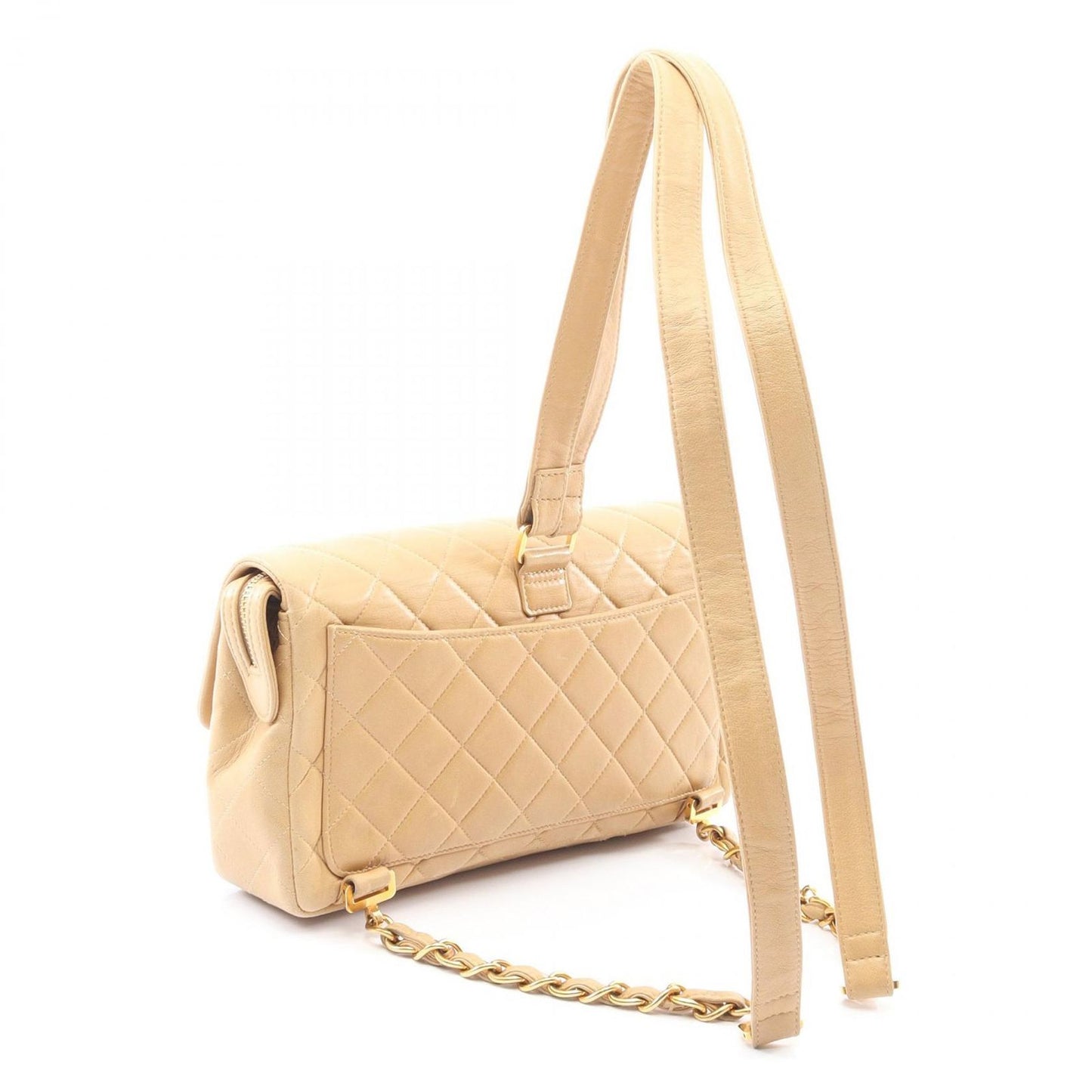 Chanel Backpack Quilted Beige Lambskin Suzu — view 2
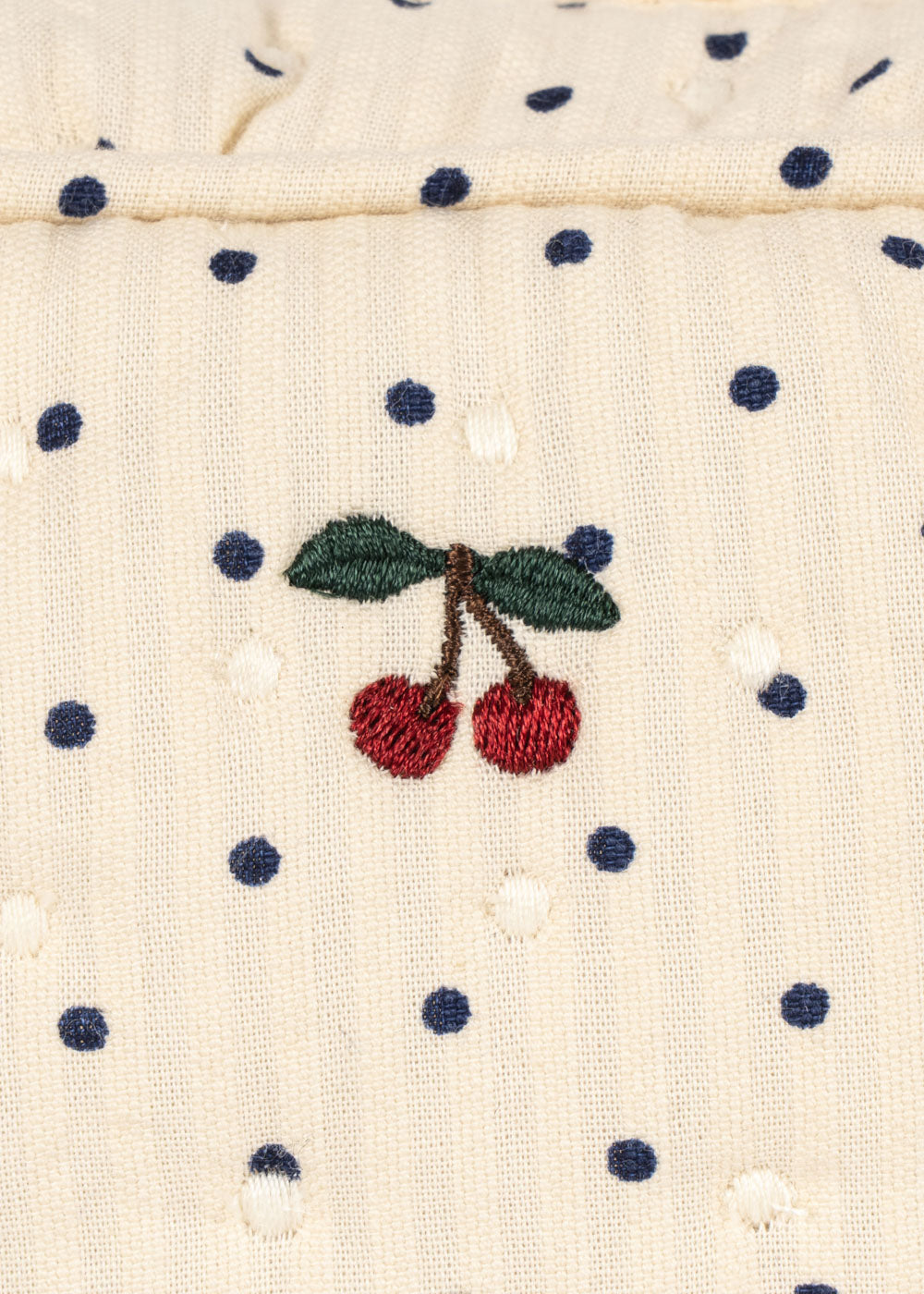 Seersucker Small Toiletry Bag - Estate Dot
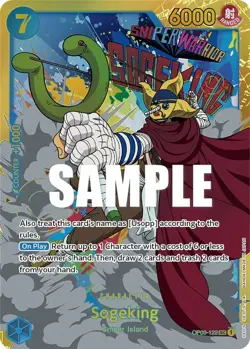 One Piece Sogeking (OP03-122/294) OP03 Pillars of Strength NM FOIL - Image 1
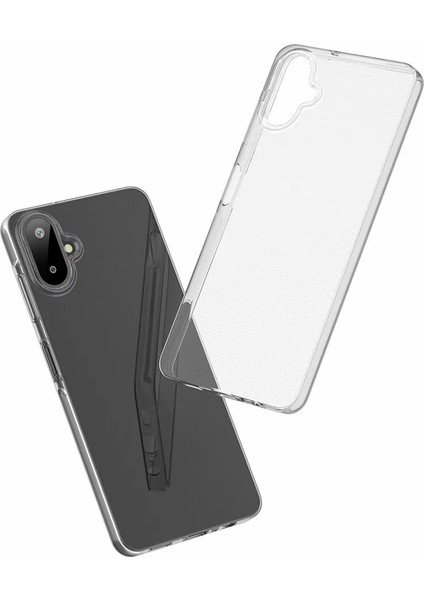 Samsung Galaxy A07 ile Uyumlu Sert Pc Sararmaz Kristal Netlik Şeffaf Kılıf modelleri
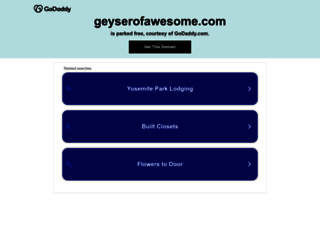 geyserofawesome.com screenshot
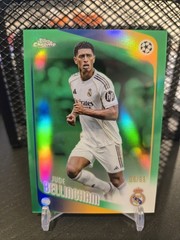 2025-26 Topps Chrome Uefa UCC Jude Bellingham /99. True Green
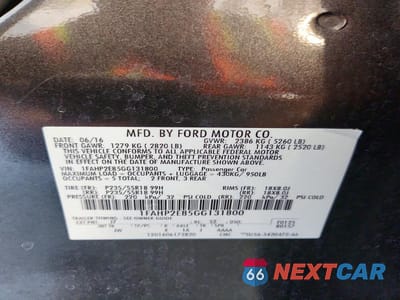 Zdjęcie 12 z 12 samochodu: 2016 FORD TAURUS SEL VIN:1FAHP2E85GG131800 - miniatura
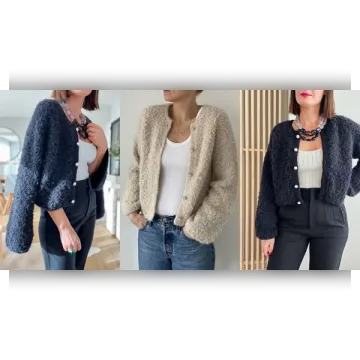 Жакет из пряжи букле Audrey Jacket - Cheryl Mokhtari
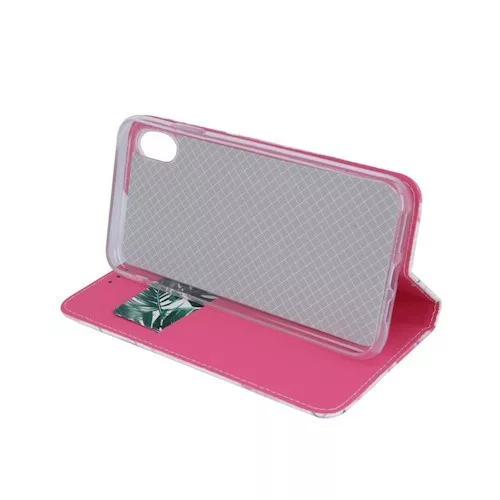 iPhone XS Max (6,5") telefon tok, könyvtok, oldalra nyíló tok, mágnesesen záródó, virág mintás, Smart Trendy Pink Flowers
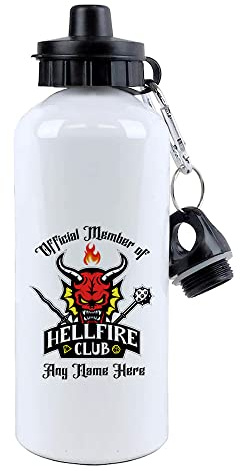 Getagift Personalised Official Member Of Hellfire Club Custom Name Birthday, For Men Women Girl Boy 500 ml Aluminium Water Bottle.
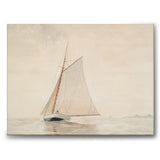 Sailing off Gloucester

· · · · ·

Beginning with the line containing "Zdjęcie 12 z" and ending with the last line of the listing above, output those lines exactly as written, without pictures.

● Expected answer
 Zdjęcie 12 z 12 samochodu: 2016 FORD TAURUS SEL VIN:1FAHP2E85GG131800 - miniatura
 Жакет из пряжи букле Audrey Jacket - Cheryl Mokhtari
 iPhone XS Max (6,5") telefon tok, könyvtok, oldalra nyíló tok, mágnesesen záródó, virág mintás, Smart Trendy Pink Flowers
 Getagift Personalised Official Member Of Hellfire Club Custom Name Birthday, For Men Women Girl Boy 500 ml Aluminium Water Bottle.
 Sailing off Gloucester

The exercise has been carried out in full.